■ **What the exercise asks**: Please give the whole listing again word for word, and drop any pictures it holds.

■ **Supplied material**:
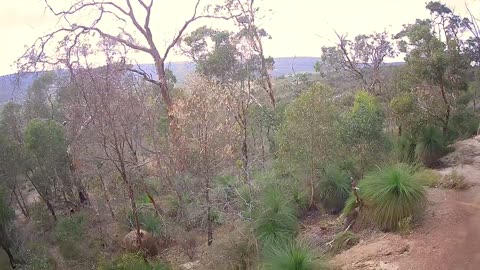 Drone Peron and Zig Zag - Apr 2025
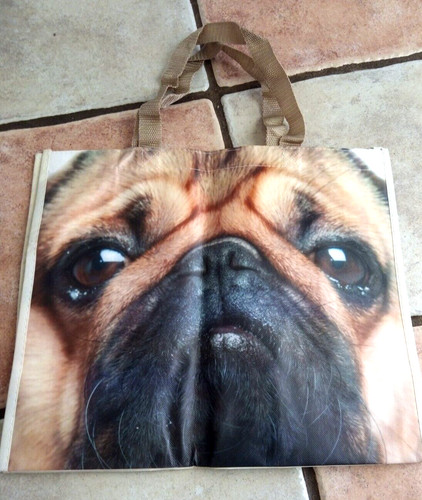 New cute pug - new, dog
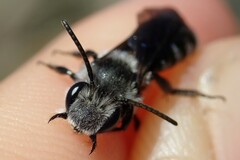 Andrena agilissima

■ **Finished task**:
 Drone Peron and Zig Zag - Apr 2025
 New cute pug - new, dog
 Andrena agilissima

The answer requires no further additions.